The purpose of this paper is to illuminate liminality as processual experiences and to disrupt (hetero)normative paradigms of organizational liminality identity work. I present an intimate inquiry of liminality from within lived liminal experience. My empirical focus is on personal liminal subjectivities as they unfold in specific, psychosocial time, and spaces—my situated, changing lives as a woman executive, mature doctoral candidate, and emergent academic. The posthuman calls for multi-directional, transdisciplinary openings, and experimental forms.

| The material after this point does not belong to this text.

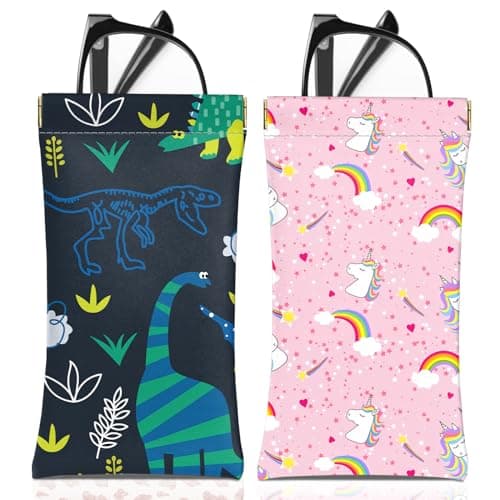 Image of BHAHB 2 PCS Glasses Eyeglass Sunglasses Case Pouch Soft PU Leather Cute Aesthetic with Cleaning Cloth for Unisex Women Girls (A13-Dinosaurs Unicorn)
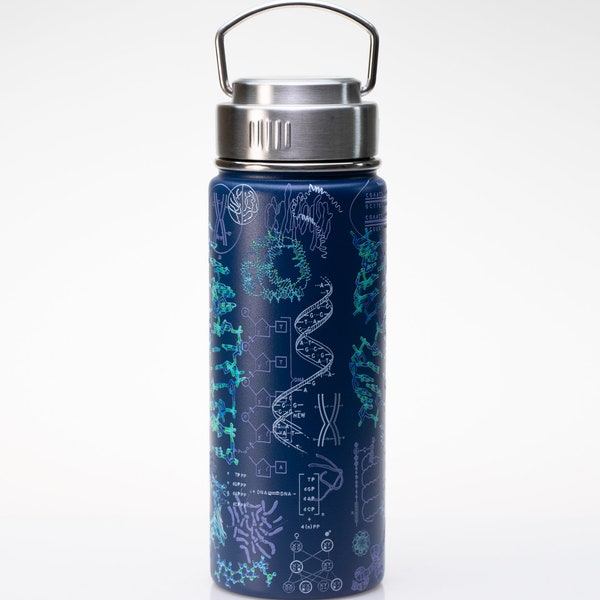 Genetics & DNA Stainless Steel Vacuum Flask | DNA Print, Medical Student Gift, Chemistry Gift, Metal Water Bottle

In this paper I make four interweaving research contributions: (1) braiding philosophies, I conceptualize a pragmatist–posthuman organic theory of liminal subjectivity; (2) I illuminate my lived liminal experiences as affectual, conscious, and semi-conscious, where my identities are unbounded from self and recast as sociomaterial, entangled productions; (3) I innovate “methodologically” with an embrocation of Dewey’s experiential and esthetic philosophical methods, a flowing mixture of sensate scholarship and the adoption of radical–reflexivities; (4) I call for a community of inquiry into liminality as part of a quest to develop knowing democratically, in partnership with practitioners and all matter. My unfinished adventure is to perform scholarship useful to academics and practitioners, which can help make our practical lived experiences of liminality more bearable and fruitful.